Egypt’s President Abdel Fattah el-Sisi on Wednesday declared his government’s rejection of the forced transfer of Palestinian civilians from Gaza into Sinai, suggesting Israel could instead relocate them to the Negev desert. The statements come as Israeli air strikes continue to bombard civilian buildings and infrastructure in the besieged Gaza Strip for the 12th day, with the latest attack targeting a hospital on Tuesday killing at least 471 civilians, both patients and displaced people.
Palestinians and Egyptian officials have rejected the prospect of relocating Gaza residents to Sinai, warning it would constitute a second Nakba, or another ethnic cleansing of Palestinians. During a joint press conference with German Chancellor Olaf Scholz at Cairo’s Ittihadeya palace on Wednesday, Sisi responded to Israeli proposals for Palestinian civilians to relocate to Egypt’s Sinai peninsula, on the border with Gaza.
“If there is an idea for transfer, there is the Negev Desert in Israel. It is entirely possible to transfer Palestinians until Israel completes its declared mission of eliminating resistance or armed groups such as Hamas, Islamic Jihad, and others in the Gaza Strip. Then, they can be returned if [Israel] desires,” Sisi said in comments that were not in the official speech published by the presidency spokesman. “But transferring them to Egypt? This military operation could take years and is a risky endeavour. I must emphasise that we have not yet eradicated terrorism; we have not completed our mission. “Egypt will bear the consequences of this, and Sinai may turn into a base for terrorist operations against Israel. We, in Egypt, will be responsible for that, and all the peace we have worked for will fade away as part of an idea to resolve the Palestinian issue.”

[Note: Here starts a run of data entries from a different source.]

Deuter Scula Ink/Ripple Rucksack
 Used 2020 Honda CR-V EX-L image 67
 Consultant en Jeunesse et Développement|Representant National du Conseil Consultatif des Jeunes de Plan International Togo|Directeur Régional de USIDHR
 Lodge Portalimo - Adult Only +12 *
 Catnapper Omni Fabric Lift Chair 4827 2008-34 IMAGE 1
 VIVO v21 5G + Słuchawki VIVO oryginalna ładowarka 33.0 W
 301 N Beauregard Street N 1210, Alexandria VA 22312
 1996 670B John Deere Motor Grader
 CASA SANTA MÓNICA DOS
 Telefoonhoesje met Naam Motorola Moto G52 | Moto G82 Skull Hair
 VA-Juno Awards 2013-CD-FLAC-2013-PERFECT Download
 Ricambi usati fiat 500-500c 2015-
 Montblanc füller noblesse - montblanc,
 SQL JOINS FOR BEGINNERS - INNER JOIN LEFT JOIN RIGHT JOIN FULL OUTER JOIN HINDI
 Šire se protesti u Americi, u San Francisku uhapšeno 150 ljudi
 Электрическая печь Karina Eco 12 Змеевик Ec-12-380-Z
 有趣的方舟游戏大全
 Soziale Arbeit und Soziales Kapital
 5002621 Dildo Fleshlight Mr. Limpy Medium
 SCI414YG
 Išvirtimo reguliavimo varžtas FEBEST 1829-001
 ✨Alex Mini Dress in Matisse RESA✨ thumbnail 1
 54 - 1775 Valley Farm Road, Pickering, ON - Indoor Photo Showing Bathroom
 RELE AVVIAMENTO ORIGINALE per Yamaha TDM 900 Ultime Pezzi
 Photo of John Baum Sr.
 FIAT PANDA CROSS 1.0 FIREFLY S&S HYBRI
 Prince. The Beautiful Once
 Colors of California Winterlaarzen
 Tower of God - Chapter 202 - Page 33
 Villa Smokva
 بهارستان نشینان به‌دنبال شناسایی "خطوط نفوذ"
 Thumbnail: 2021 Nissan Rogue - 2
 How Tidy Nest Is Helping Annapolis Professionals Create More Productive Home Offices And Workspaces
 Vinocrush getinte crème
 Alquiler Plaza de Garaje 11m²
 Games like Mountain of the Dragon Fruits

The president also warned that “millions” of Egyptians will protest against any displacement of Palestinians to Sinai. Egypt has closed the Rafah border crossing in the aftermath of several Israeli air strikes that targeted it over the past 10 days. The crossing is the only exit for Palestinians in Gaza that is not controlled by Israel. It is a vital humanitarian aid corridor for the besieged civilians of Gaza.
However, Sisi on Wednesday denied the crossing had been closed, saying that “the developments on the ground and the repeated Israeli strikes on the Palestinian side of the crossing obstructed its operation”.He added that his government rejects “any attempts to forcibly displace the Palestinians from their land, or for this to happen at the expense of countries in the region”. The statement echoed similar remarks last week in which he urged people in Gaza to “stay steadfast and remain on their land”.
The latest round of hostilities between Israel and Palestinians in Gaza started when Hamas launched a surprise multi-front assault on Israeli communities on 7 October, firing thousands of rockets and sending fighters into Israel by land, air and sea. At least 1,400 Israelis have been killed in the incursion, including civilians and soldiers, and 199 people taken captive back to Gaza. Israeli forces have responded by raining down a barrage of air strikes on the Gaza Strip, killing at least 3,478 Palestinians, more than a thousand of them are children. Meanwhile, Israel has amassed tanks near the boundary with Gaza ahead of an expected ground invasion of the enclave – the first such incursion in more than nine years.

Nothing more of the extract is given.